◆ **What needs to be done**:
From the listing below, copy only the lines from the line that contains "3945868 | Genuine" to the line that contains "Turn Singal Switch", counting those two lines as part of the copy.

◆ **Material provided**:
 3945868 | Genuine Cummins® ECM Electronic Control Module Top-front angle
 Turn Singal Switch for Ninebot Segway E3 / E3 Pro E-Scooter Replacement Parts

==

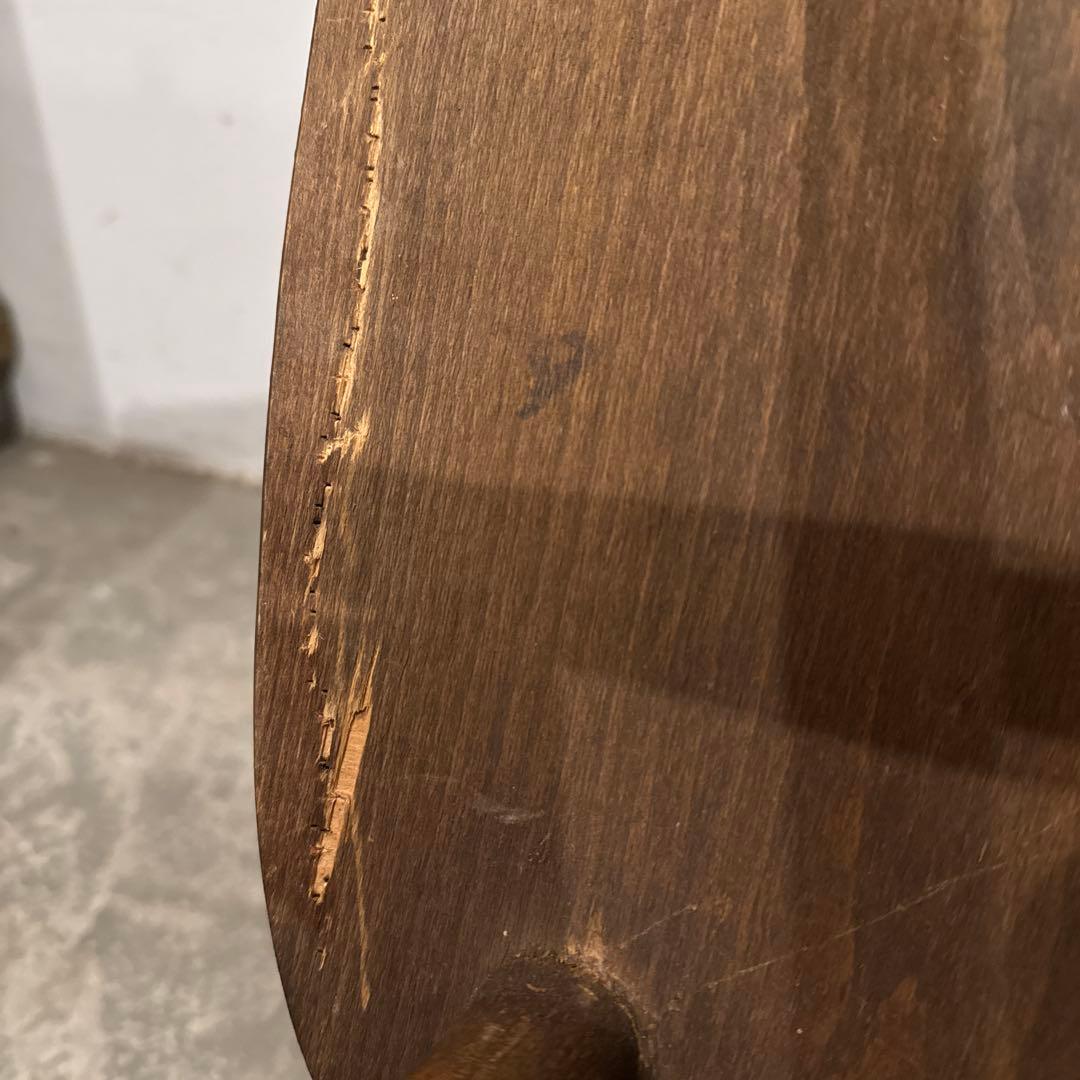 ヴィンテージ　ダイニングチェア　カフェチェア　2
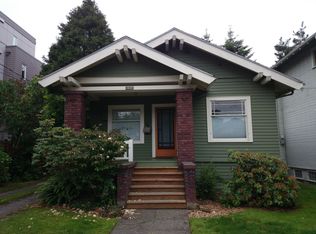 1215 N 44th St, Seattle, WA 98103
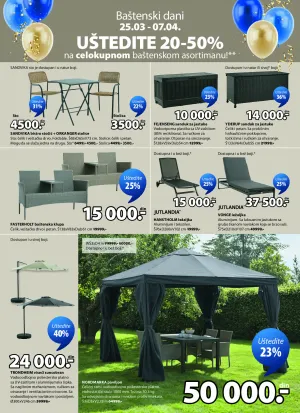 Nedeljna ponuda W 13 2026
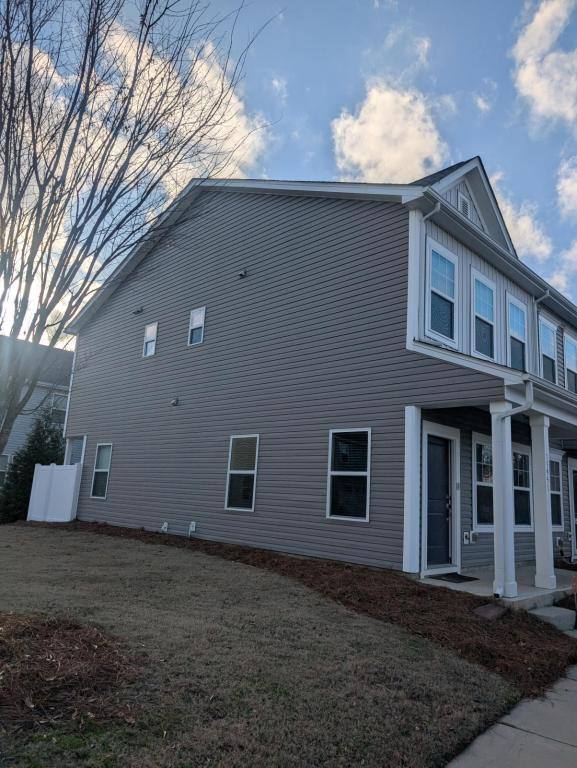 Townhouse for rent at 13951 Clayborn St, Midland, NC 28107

◆ **Finished exercise**:
 3945868 | Genuine Cummins® ECM Electronic Control Module Top-front angle
 Turn Singal Switch for Ninebot Segway E3 / E3 Pro E-Scooter Replacement Parts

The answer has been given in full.